Final results: 3 10 11 11 15 23 28 34 44 53 66 73
Here is an example:
01 using system;
02 public class testinsertionsort
03 {
04 public static void main (string [] ARGs)
05 {
06 int [] list = new int [] {2, 6, 3, 8, 2, 7, 3}; // defines an array of the int type
07 insertionsort (list); // sort
08 for (INT I = 0; I <list. length; I ++) // cyclically outputs the sorted Array
09 {
10 console. writeline (list [I]); // output result
11}
12}
13 public static void insertionsort (INT [] list) // insert a Sorting Algorithm
14 {
15 For (INT I = 1; I <list. length; I ++) // starting from the first element, this element can be considered sorted
16 {
17 int T = list [I];
18 Int J = I;
19 while (j> 0) & (list [J-1]> T) // scan from the back to the front of the sorted element sequence
20 {
21 list [J] = list [J-1]; // Insert a new element to this position
22 -- J;
23}
24 list [J] = T;
25}
26}
27}
In the above Code, if the comparison operation costs more than the exchange operation, you can use the binary search method to reduce the number of comparison operations. This algorithm can be considered as a variant of insert sorting, called Binary Search sorting.
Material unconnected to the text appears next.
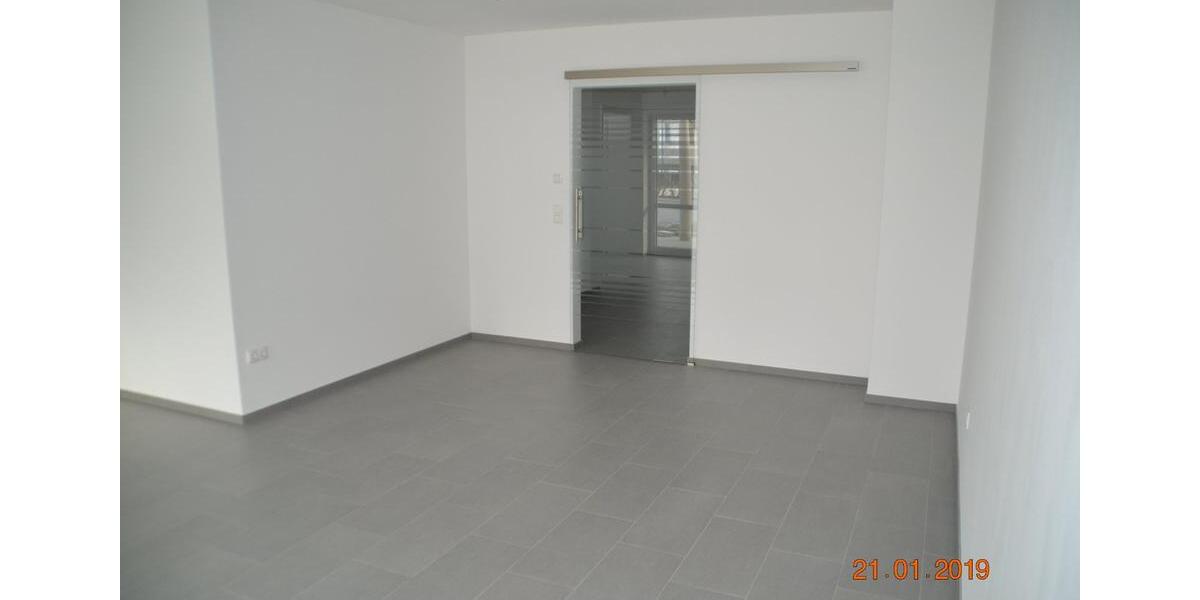 Etagenwohnung Schweinfurt Haardt - 3 Zimmer, 120 m&sup2;, 1.380&euro; | Angebot:25376386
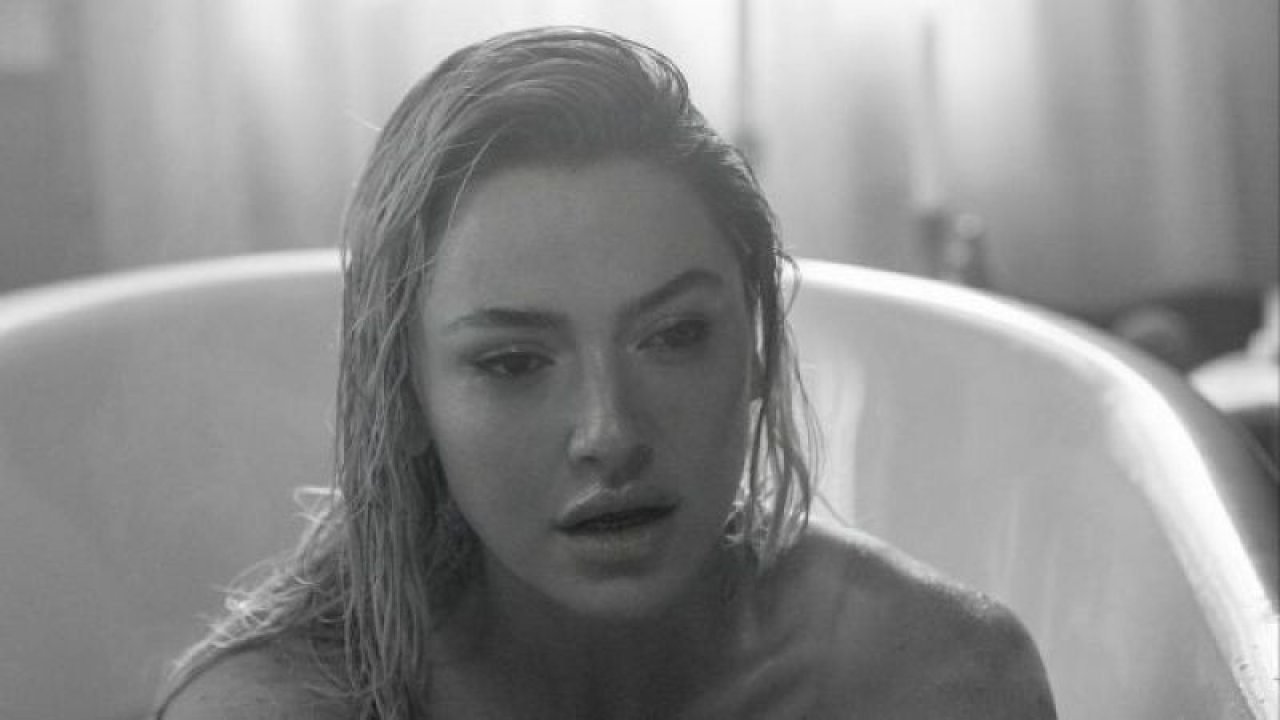 Hadise küvette çıplak poz verdi! Şarkısının kutlamasını yapan Hadise herkesi şok etti!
In general, insert sorting is implemented on the array using in-place. The specific algorithm is described as follows:
1. Starting from the first element, this element can be considered to have been sorted
2. Retrieve the next element and scan the sorted element sequence from the back to the front.
3. If the element (sorted) is greater than the new element, move the element to the next position.
4. Repeat Step 3 until you find the position where the sorted elements are smaller than or equal to the new elements.
5. Insert new elements to this position
6. Repeat Step 2.
If the target is to sort the sequences of n elements in ascending order, there are best cases and worst cases of adopting insert sorting. The best case is that the sequence is already in ascending order. In this case, the comparison operation needs to be performed (n-1) times. The worst case is that the sequence is sorted in descending order. At this time, we need to compare N (n-1)/two times. The value assignment operation for insert sorting adds (n-1) the number of comparison operations. On average, the complexity of the insert sorting algorithm is (N * 2 ). Therefore, insert sorting is not suitable for sorting applications with large data volumes. However, if the amount of data to be sorted is small, for example, if the order is smaller than, insertion sorting is still a good choice.
Advantages: stable and fast;
Disadvantage: the number of comparisons is not certain. The less the number of comparisons, the more data is moved after the inserted point. Especially when the total amount of data is large, the linked list can solve this problem.